John Fordham 

David Sanborn: Time and the River review – soul blues and smooth jazz in want of vibrancy

David Sanborn’s latest is hamstrung by a rather flat production job and formulaic arrangements
  
  

Dave Sanborn
Plaintively wriggling insinuations … Dave Sanborn Photograph: PR

With his key role in last year’s vibrant Enjoy the View, the often heart-wrenching soul-saxist David Sanborn seemed to fuse the most moving qualities of his voicelike sound and the deep jazz roots that have rarely been explicitly required in his 40-year pop-session career. Time and the River is a different story; hopefully Sanborn’s live show will fire this album’s programme of soul blues, smooth jazz and distantly 80s Miles Davis grooves into much more vibrant life than Marcus Miller’s studio production does.
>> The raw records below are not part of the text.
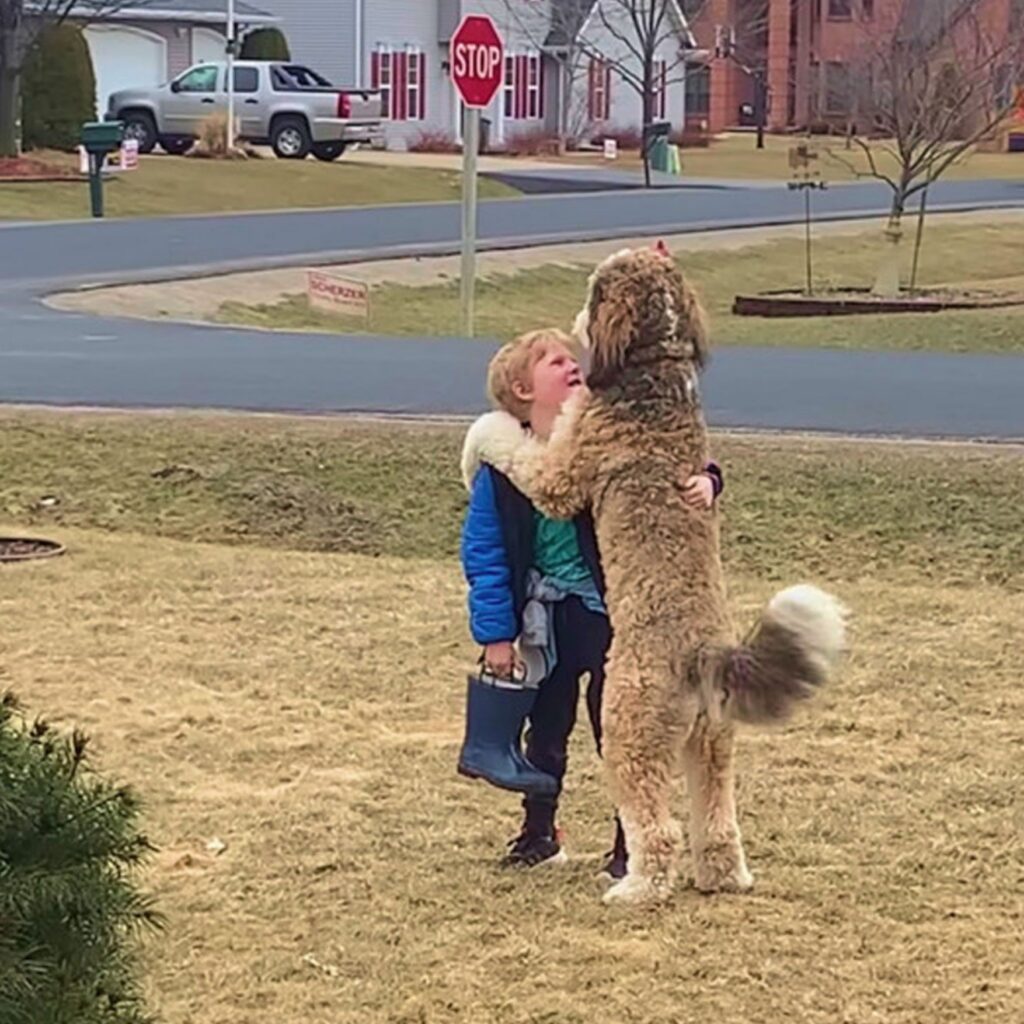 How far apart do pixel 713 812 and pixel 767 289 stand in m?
24.0

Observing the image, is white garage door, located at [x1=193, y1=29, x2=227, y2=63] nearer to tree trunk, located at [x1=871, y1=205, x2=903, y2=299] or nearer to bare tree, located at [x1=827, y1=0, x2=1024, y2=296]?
bare tree, located at [x1=827, y1=0, x2=1024, y2=296]

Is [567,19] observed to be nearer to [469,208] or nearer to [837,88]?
[837,88]

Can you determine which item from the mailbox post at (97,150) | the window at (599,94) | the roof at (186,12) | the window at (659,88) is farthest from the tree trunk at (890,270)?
the window at (599,94)

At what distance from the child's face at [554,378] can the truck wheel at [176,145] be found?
141ft

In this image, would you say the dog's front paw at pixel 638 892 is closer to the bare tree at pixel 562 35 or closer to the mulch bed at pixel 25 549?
the mulch bed at pixel 25 549

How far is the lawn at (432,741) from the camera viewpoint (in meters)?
4.86

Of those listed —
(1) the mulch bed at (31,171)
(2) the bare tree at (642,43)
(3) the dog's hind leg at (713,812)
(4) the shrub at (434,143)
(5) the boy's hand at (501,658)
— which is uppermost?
(2) the bare tree at (642,43)

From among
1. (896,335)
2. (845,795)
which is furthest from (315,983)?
(896,335)

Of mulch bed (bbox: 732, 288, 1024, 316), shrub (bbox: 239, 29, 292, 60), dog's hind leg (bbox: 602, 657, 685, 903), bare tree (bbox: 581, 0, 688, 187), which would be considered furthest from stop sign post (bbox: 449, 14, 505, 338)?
bare tree (bbox: 581, 0, 688, 187)

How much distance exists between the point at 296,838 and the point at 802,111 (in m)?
72.1

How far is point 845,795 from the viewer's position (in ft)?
20.6

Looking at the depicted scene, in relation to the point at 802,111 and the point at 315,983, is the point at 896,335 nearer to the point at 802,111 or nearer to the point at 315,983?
the point at 315,983

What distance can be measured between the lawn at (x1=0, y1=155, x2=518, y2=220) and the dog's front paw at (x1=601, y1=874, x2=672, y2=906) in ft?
91.3

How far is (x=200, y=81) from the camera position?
46.7 metres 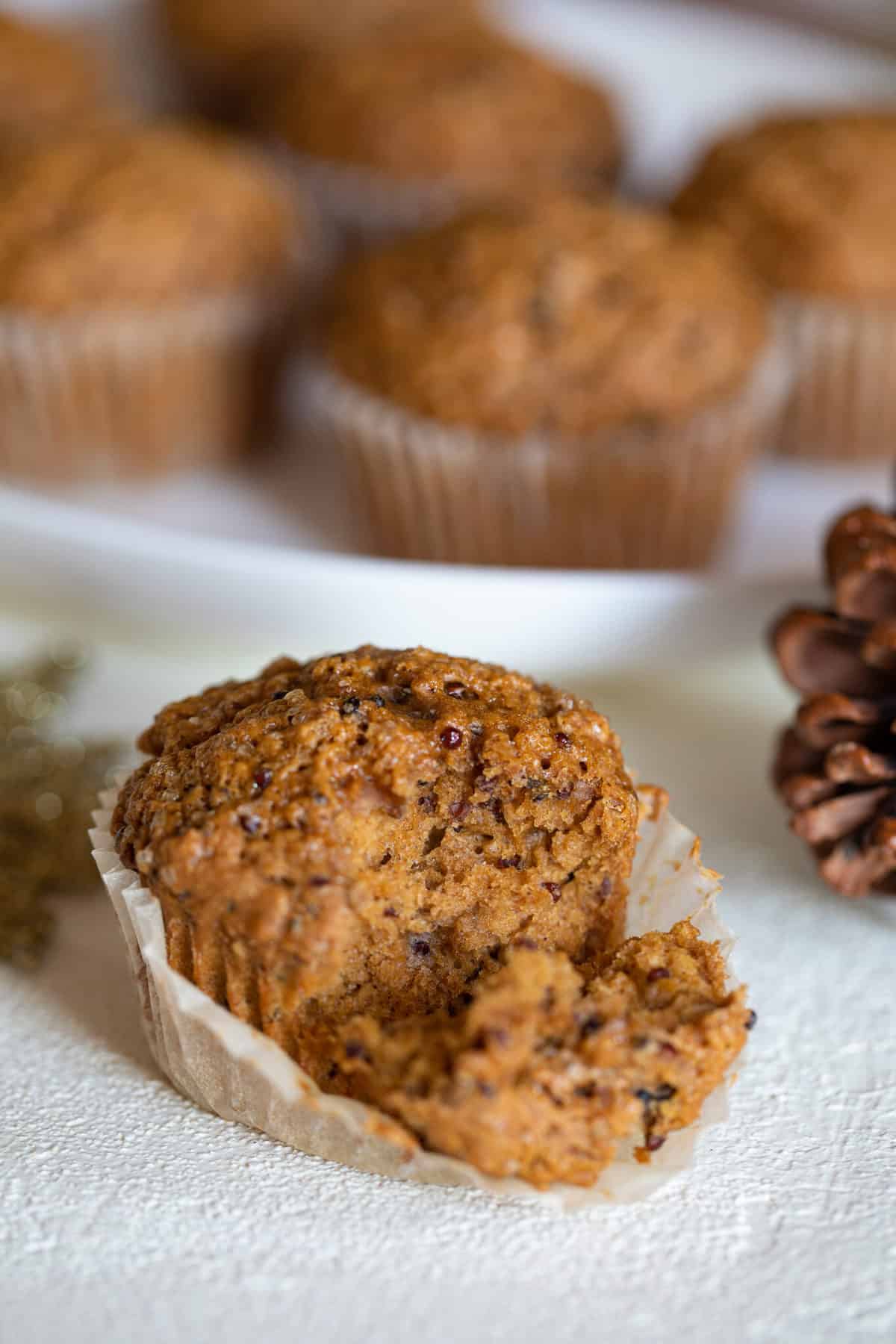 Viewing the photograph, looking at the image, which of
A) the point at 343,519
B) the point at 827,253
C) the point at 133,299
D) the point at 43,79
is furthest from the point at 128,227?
the point at 827,253

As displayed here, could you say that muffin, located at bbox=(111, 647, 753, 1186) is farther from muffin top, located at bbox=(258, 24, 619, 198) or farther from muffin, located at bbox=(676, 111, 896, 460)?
muffin top, located at bbox=(258, 24, 619, 198)

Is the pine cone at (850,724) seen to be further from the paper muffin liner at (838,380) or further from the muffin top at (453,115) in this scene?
the muffin top at (453,115)

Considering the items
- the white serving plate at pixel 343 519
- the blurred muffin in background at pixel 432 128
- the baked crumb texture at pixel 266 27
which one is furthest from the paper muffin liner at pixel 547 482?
the baked crumb texture at pixel 266 27

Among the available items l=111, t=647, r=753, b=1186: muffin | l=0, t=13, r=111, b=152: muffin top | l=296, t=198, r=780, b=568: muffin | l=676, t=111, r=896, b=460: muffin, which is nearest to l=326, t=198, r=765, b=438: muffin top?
l=296, t=198, r=780, b=568: muffin

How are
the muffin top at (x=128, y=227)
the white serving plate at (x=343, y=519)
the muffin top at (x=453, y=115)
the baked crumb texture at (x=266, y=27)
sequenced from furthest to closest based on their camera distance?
the baked crumb texture at (x=266, y=27)
the muffin top at (x=453, y=115)
the muffin top at (x=128, y=227)
the white serving plate at (x=343, y=519)

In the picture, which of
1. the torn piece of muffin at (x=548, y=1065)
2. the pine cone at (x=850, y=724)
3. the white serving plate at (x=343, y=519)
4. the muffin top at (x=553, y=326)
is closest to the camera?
the torn piece of muffin at (x=548, y=1065)

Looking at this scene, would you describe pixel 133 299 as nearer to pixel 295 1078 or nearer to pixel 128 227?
pixel 128 227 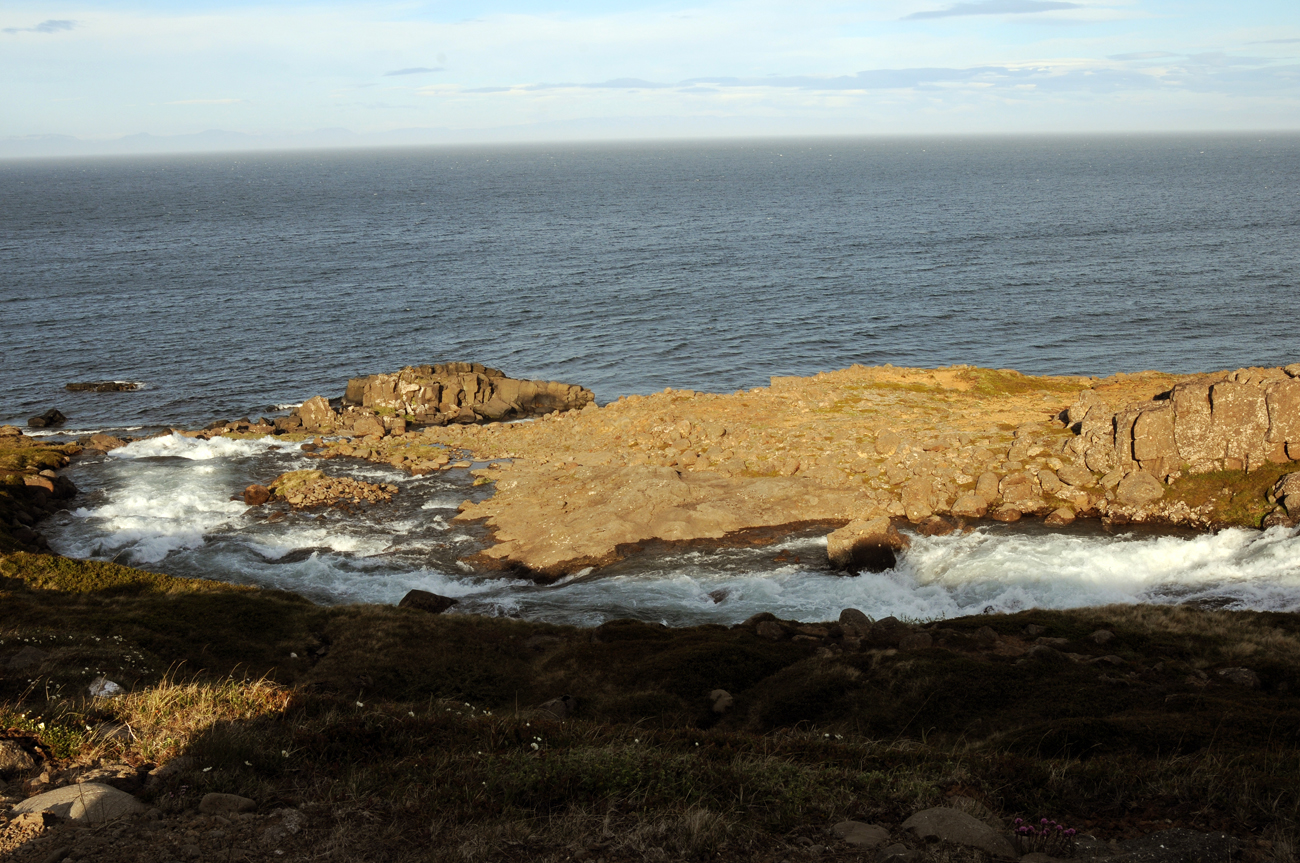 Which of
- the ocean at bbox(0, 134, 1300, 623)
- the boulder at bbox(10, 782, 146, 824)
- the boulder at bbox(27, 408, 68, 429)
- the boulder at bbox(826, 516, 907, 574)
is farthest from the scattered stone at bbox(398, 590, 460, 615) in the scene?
the boulder at bbox(27, 408, 68, 429)

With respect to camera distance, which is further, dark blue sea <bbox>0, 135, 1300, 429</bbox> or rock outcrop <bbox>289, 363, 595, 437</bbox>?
dark blue sea <bbox>0, 135, 1300, 429</bbox>

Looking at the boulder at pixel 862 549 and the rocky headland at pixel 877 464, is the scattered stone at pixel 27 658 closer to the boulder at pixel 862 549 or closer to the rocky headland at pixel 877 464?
the rocky headland at pixel 877 464

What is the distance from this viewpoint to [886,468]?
4244cm

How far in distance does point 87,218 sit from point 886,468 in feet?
659

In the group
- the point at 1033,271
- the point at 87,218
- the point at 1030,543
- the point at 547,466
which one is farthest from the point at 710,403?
the point at 87,218

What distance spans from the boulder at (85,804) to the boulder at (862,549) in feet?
92.7

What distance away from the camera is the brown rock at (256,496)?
4550 centimetres

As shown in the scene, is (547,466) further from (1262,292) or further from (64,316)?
(1262,292)

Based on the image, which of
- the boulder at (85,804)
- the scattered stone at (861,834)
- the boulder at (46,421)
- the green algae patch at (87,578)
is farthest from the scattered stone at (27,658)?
the boulder at (46,421)

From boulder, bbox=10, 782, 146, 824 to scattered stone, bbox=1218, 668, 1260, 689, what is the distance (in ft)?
78.3

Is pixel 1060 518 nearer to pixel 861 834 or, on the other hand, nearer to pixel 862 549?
pixel 862 549

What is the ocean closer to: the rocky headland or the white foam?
the white foam

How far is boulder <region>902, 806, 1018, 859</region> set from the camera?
1030cm

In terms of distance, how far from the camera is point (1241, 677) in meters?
21.7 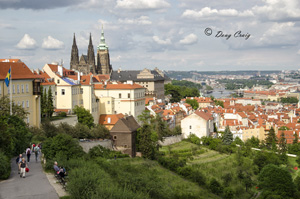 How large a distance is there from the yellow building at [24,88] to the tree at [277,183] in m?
23.1

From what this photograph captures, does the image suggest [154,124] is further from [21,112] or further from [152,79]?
[152,79]

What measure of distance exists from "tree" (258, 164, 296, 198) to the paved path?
27620 mm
There are some classic Sanborn glimpses, such as his plaintively wriggling insinuations on Oublie Moi; a quiet dialogue with Roy Assaf’s Fender Rhodes after Randy Crawford’s restrained account of Windmills of Your Mind; and a loping, long-lined break on D’Angelo’s Spanish Joint. But there are too many places where this fine artist’s contributions sound parachuted into formulaic studio-band grooves for this set to appeal to Sanborn’s many jazz admirers. On stage, it’s bound to be quite different.